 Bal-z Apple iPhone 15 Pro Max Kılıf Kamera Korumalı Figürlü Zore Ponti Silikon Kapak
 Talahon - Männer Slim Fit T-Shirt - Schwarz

=-=-=

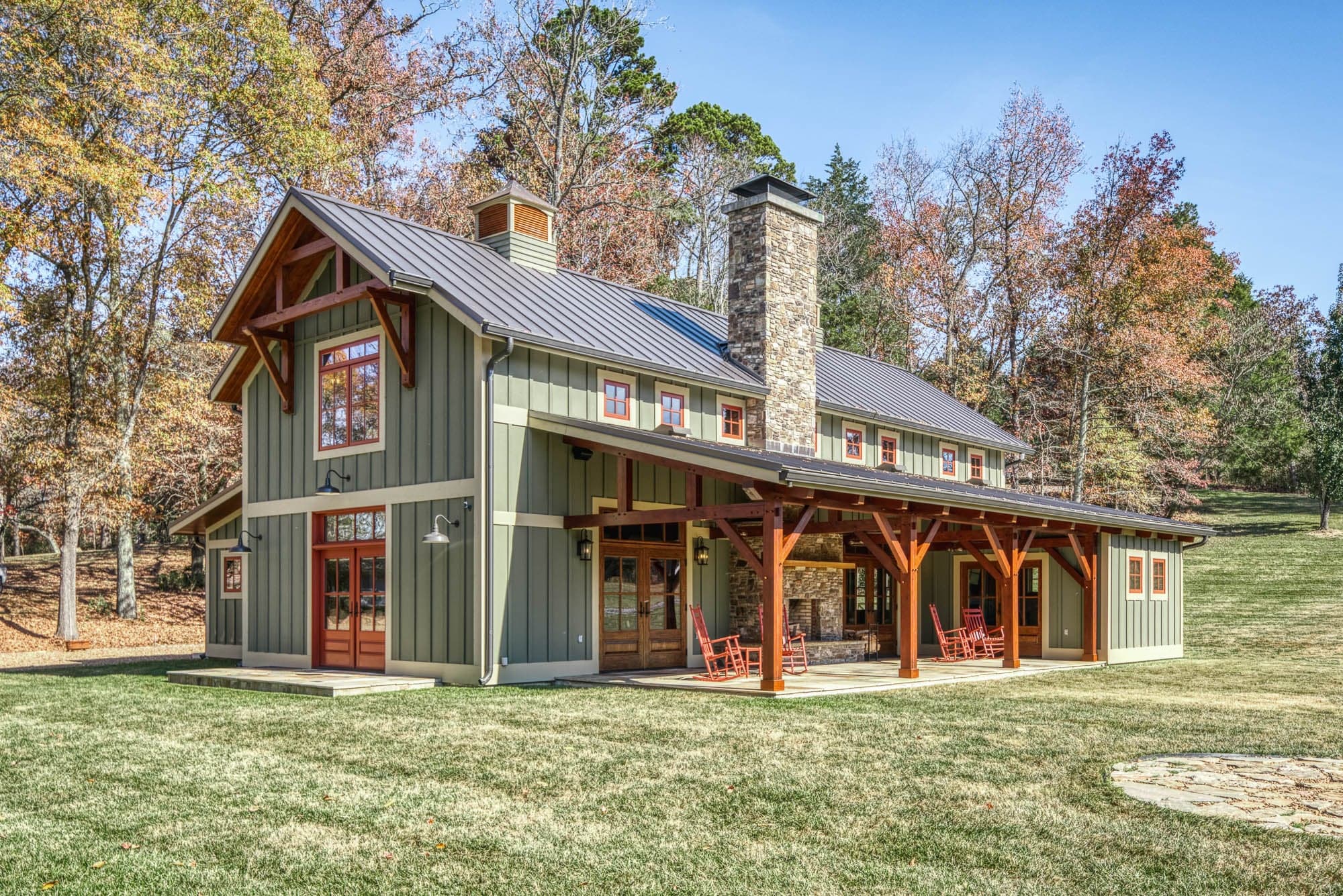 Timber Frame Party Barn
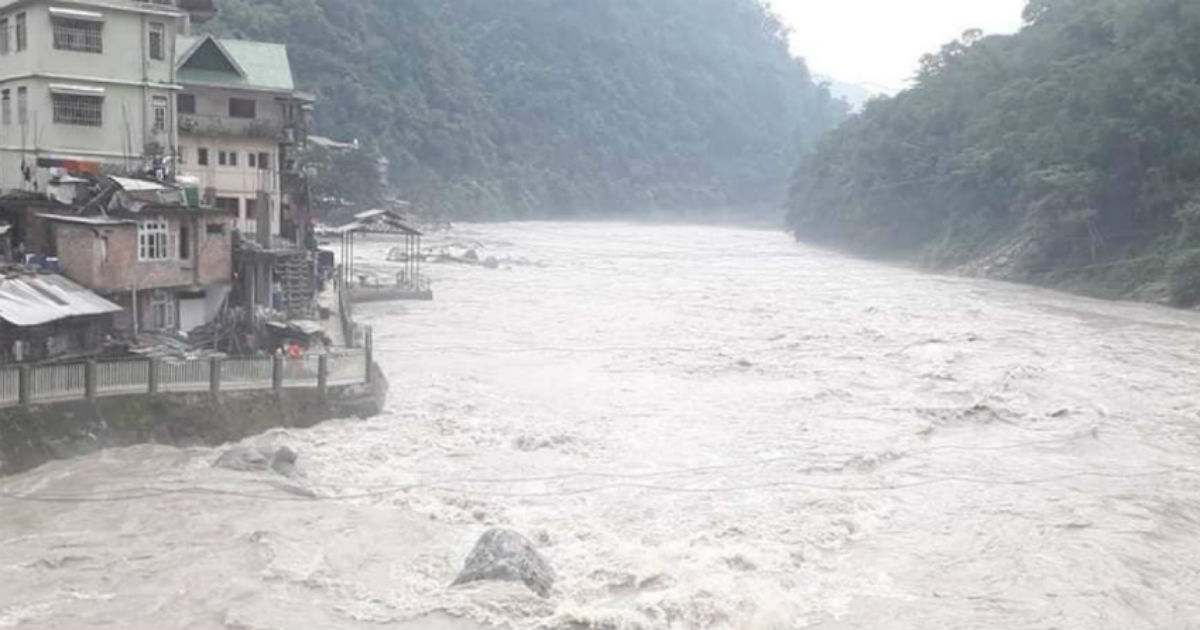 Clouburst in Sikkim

=-=-=

An exact copy of the lines above, from the one containing "Bal-z Apple iPhone" down to the one containing "Talahon - Männer Slim Fit T-Shirt - Schwarz" and including both, is the whole answer; retype it and nothing else.

▸ **EXERCISE RESULT**
 Bal-z Apple iPhone 15 Pro Max Kılıf Kamera Korumalı Figürlü Zore Ponti Silikon Kapak
 Talahon - Männer Slim Fit T-Shirt - Schwarz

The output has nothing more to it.